Le trophée de Pompée est un monument triomphal élevé au "sommet des Pyrénées" (Summus Pyrenaeus), à la jonction de la Via Domitia et de la Via Augusta au Col de Panissars sur la commune du Perthus. Il marquait dans l’Antiquité la frontière entre la Gaule et l’Hispanie. Il est ainsi localisé par Salluste, Strabon, Pline l’Ancien, Dion Cassius et Exuperantius. Après la victoire des armées de Rome contre Quintus Sertorius en Hispanie en 71 avant J-C, Pompée a inauguré une nouvelle conception du trophée gréco-romain: délaissant le site de la victoire, il choisit d’implanter son trophée à l’entrée du pays reconquis par Rome. Sa forme architecturale s’inspirait sans doute des grands monuments turriformes hellénistiques (qui ont presque tous disparus: trophées, mausolées, phares), et peut être des réalisations d’Alexandre le Grand à qui Pompée se comparait volontiers. Seul trophée de la République de Rome de ce genre, le Trophée de Pompée est partiellement conservé mais restituable, il a vraisemblablement servi de modèle au Trophée des Alpes à La Turbie (Alpes-Maritimes), élevé en l’honneur d’Auguste en 7 avant J-C.

Le site fut exploité en carrière pour la construction et les restaurations des Clausurae (forteresses établies vers la fin de l’Antiquité) à 3,5 km sur le versant gaulois. Dépouillé jusqu’aux fondations à la fin du IVe siècle, il perdit une nouvelle partie de ses blocs au XIe siècle lors de la construction sur ses ruines d’une église qui accompagnait l’installation d’un village (mentionné dès le IXe siècle). Avec ses fondations arasées dès le IVe siècle puis remployées sous et dans les constructions médiévales, le trophée disparut de la mémoire collective. Vers 1097, le site devint le lieu d’un prieuré bénédictin qui, établi à l’entrée de la péninsule Ibérique, servit de halte sur le "chemin de Saint-Jacques" entre Perpignan dans les Pyrénées-Orientales et La Jonquera en Espagne. Lors de l'établissement de la frontière franco-espagnole (traité des Pyrénées, 1659), les blocs de parement, encore en place, qui avaient été intégrés dans l’église, furent récupérés pour la construction du Fort de Bellegarde. Le site n’était plus qu’un amas de ruines de la fin du XVIIe siècle jusqu’aux premiers travaux de déblaiement en 1983. Les fouilles entreprises en 1984 permirent d’identifier les vestiges du Trophée de Pompée (les fondations romaines sont à nouveau visibles: les tranchées taillées dans le rocher, le blocage maçonné et les blocs encore en place). Le site est aujourd’hui partagé entre la France et l’Espagne. Commencées sur le versant France par une équipe française en 1984, les fouilles furent étendues en 1990 en Espagne. Elles furent achevées conjointement en 1993.

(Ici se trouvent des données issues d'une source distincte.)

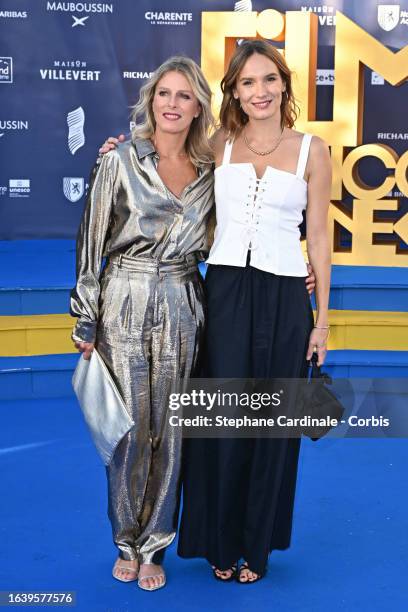 Karin Viard and Ana Girardot attend the 'Madame de Sevigne' Photocall during Day Four of the 16th Angouleme French-Speaking Film Festival on August...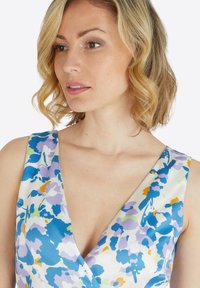 Blumenmusterkleid mit tiefem V-Ausschnitt, das in einem leichten Stoff in Blau-, Lila- und Orangetönen gestaltet ist. Weiche Textur und figurbetontes Design.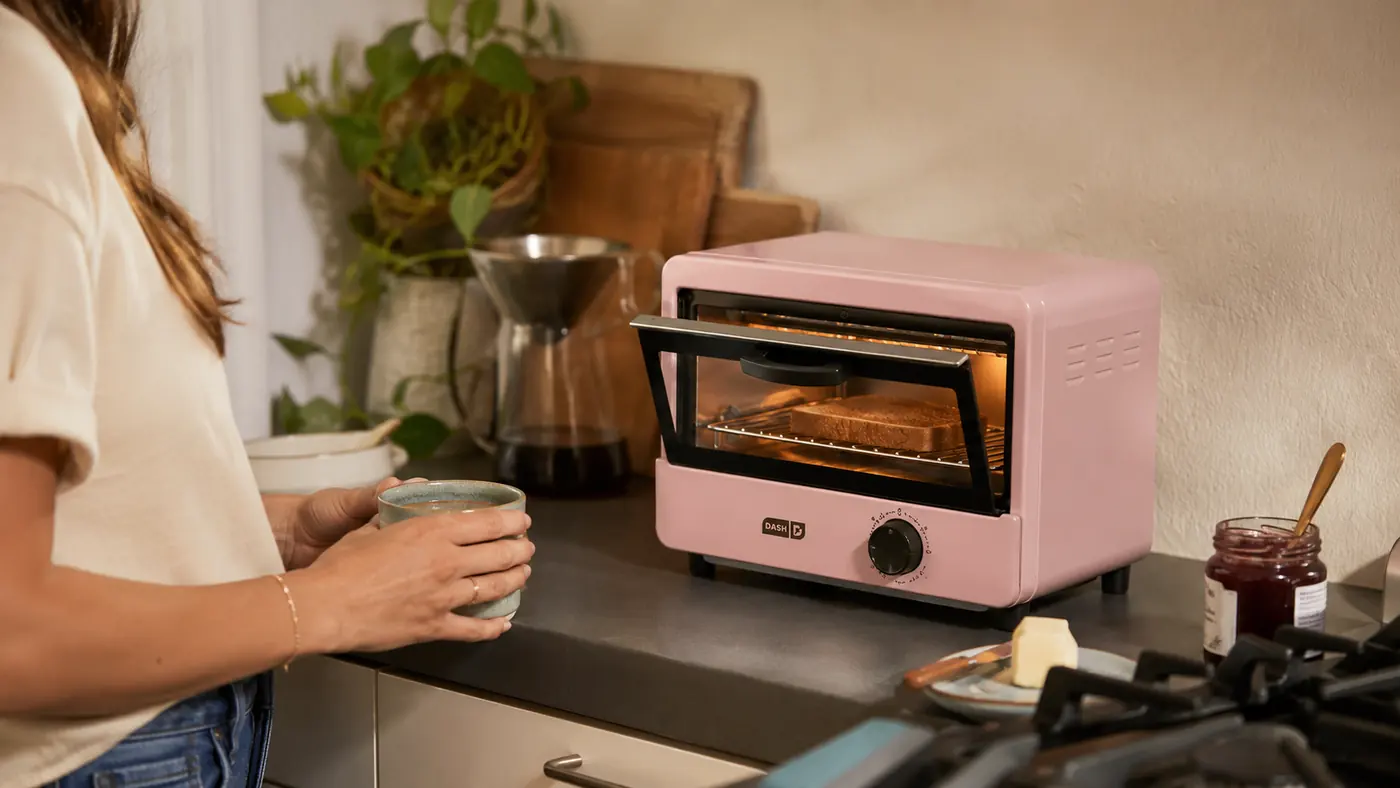 Dash Mini Toaster Oven sitting on a narrow apartment counter with toast visible inside through the door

La borne n° 567 de Panissars matérialise la frontière entre la France et l'Espagne, la borne n° 576 est au Perthus dans l'avenue de France (Avinguda de Catalunya). La borne pyramidale n° 577 sépare les deux pays. Le Perthus est à cheval entre la France et l'Espagne. Le Ravin de la Comtesse et la route nationale 9 le divisent en deux parties: le nord et l'ouest sont en France, l’est et le sud sont à Els Límits qui dépend de La Jonquera dans la province de Gérone en Catalogne espagnole. La partie française est plus peuplée que la partie espagnole qui est surtout commerçante. L'avenue de France (dans sa longueur) est la frontière entre la France et l'Espagne. Le Perthus a été partagé entre l'Espagne et la France afin que cette dernière garde la souveraineté sur le Fort de Bellegarde. Les Romains sont arrivés en Espagne dans le port d’Empúries vers 218 avant J-C. L’empereur Auguste a permis de récupérer d’anciennes voies pour les relier et créer la Via Augusta allant de Cadix à Rome (2 725 km). Les ingénieurs romains ont choisi le Col de Panissars, les routes et les autoroutes construites par la suite suivent le tracé des voies romaines.